__ENTRIES PROVIDED__:
========
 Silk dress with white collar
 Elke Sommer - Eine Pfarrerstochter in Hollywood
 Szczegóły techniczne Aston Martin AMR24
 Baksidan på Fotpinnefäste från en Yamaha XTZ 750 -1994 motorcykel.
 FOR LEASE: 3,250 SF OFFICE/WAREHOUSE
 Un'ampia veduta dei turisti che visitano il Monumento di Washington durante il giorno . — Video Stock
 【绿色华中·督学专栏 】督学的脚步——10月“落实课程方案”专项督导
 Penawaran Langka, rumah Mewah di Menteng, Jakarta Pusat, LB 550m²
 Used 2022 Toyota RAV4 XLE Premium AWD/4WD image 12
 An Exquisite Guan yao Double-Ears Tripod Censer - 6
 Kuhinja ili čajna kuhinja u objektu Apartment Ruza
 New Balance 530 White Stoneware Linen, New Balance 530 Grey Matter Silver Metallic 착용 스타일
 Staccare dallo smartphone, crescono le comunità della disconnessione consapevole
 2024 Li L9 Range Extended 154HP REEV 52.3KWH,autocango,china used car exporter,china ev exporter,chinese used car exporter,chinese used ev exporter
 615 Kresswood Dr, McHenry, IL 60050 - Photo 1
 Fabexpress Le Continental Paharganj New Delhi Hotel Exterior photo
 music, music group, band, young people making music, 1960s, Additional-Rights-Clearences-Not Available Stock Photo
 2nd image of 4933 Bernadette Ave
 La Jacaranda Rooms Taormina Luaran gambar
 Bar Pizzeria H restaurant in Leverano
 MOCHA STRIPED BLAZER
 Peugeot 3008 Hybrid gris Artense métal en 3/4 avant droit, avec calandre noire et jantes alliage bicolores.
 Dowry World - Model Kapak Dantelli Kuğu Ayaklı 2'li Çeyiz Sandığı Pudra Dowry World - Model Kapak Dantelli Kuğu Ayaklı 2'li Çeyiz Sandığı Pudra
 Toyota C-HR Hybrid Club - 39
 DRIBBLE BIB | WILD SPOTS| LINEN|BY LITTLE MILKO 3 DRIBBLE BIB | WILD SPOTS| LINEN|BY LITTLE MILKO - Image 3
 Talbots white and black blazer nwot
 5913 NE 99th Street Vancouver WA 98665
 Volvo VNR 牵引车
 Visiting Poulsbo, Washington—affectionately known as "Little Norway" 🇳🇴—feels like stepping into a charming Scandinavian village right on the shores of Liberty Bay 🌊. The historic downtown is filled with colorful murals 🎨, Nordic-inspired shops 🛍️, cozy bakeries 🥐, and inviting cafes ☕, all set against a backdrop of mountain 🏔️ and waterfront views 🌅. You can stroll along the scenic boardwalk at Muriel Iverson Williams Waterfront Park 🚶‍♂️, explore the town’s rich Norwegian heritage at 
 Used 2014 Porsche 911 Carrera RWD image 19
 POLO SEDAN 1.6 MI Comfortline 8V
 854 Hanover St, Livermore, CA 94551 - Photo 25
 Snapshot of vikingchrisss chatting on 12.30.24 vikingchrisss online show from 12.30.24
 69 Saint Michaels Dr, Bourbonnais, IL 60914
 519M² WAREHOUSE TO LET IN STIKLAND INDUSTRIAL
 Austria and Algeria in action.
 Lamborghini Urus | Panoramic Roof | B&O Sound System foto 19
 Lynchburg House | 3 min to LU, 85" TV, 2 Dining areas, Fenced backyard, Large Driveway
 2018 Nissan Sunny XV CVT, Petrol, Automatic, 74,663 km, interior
========
__DESCRIPTION OF THE TASK__:
Set every record down again, exactly as given.

__COMPLETED TASK__:
 Silk dress with white collar
 Elke Sommer - Eine Pfarrerstochter in Hollywood
 Szczegóły techniczne Aston Martin AMR24
 Baksidan på Fotpinnefäste från en Yamaha XTZ 750 -1994 motorcykel.
 FOR LEASE: 3,250 SF OFFICE/WAREHOUSE
 Un'ampia veduta dei turisti che visitano il Monumento di Washington durante il giorno . — Video Stock
 【绿色华中·督学专栏 】督学的脚步——10月“落实课程方案”专项督导
 Penawaran Langka, rumah Mewah di Menteng, Jakarta Pusat, LB 550m²
 Used 2022 Toyota RAV4 XLE Premium AWD/4WD image 12
 An Exquisite Guan yao Double-Ears Tripod Censer - 6
 Kuhinja ili čajna kuhinja u objektu Apartment Ruza
 New Balance 530 White Stoneware Linen, New Balance 530 Grey Matter Silver Metallic 착용 스타일
 Staccare dallo smartphone, crescono le comunità della disconnessione consapevole
 2024 Li L9 Range Extended 154HP REEV 52.3KWH,autocango,china used car exporter,china ev exporter,chinese used car exporter,chinese used ev exporter
 615 Kresswood Dr, McHenry, IL 60050 - Photo 1
 Fabexpress Le Continental Paharganj New Delhi Hotel Exterior photo
 music, music group, band, young people making music, 1960s, Additional-Rights-Clearences-Not Available Stock Photo
 2nd image of 4933 Bernadette Ave
 La Jacaranda Rooms Taormina Luaran gambar
 Bar Pizzeria H restaurant in Leverano
 MOCHA STRIPED BLAZER
 Peugeot 3008 Hybrid gris Artense métal en 3/4 avant droit, avec calandre noire et jantes alliage bicolores.
 Dowry World - Model Kapak Dantelli Kuğu Ayaklı 2'li Çeyiz Sandığı Pudra Dowry World - Model Kapak Dantelli Kuğu Ayaklı 2'li Çeyiz Sandığı Pudra
 Toyota C-HR Hybrid Club - 39
 DRIBBLE BIB | WILD SPOTS| LINEN|BY LITTLE MILKO 3 DRIBBLE BIB | WILD SPOTS| LINEN|BY LITTLE MILKO - Image 3
 Talbots white and black blazer nwot
 5913 NE 99th Street Vancouver WA 98665
 Volvo VNR 牵引车
 Visiting Poulsbo, Washington—affectionately known as "Little Norway" 🇳🇴—feels like stepping into a charming Scandinavian village right on the shores of Liberty Bay 🌊. The historic downtown is filled with colorful murals 🎨, Nordic-inspired shops 🛍️, cozy bakeries 🥐, and inviting cafes ☕, all set against a backdrop of mountain 🏔️ and waterfront views 🌅. You can stroll along the scenic boardwalk at Muriel Iverson Williams Waterfront Park 🚶‍♂️, explore the town’s rich Norwegian heritage at 
 Used 2014 Porsche 911 Carrera RWD image 19
 POLO SEDAN 1.6 MI Comfortline 8V
 854 Hanover St, Livermore, CA 94551 - Photo 25
 Snapshot of vikingchrisss chatting on 12.30.24 vikingchrisss online show from 12.30.24
 69 Saint Michaels Dr, Bourbonnais, IL 60914
 519M² WAREHOUSE TO LET IN STIKLAND INDUSTRIAL
 Austria and Algeria in action.
 Lamborghini Urus | Panoramic Roof | B&O Sound System foto 19
 Lynchburg House | 3 min to LU, 85" TV, 2 Dining areas, Fenced backyard, Large Driveway
 2018 Nissan Sunny XV CVT, Petrol, Automatic, 74,663 km, interior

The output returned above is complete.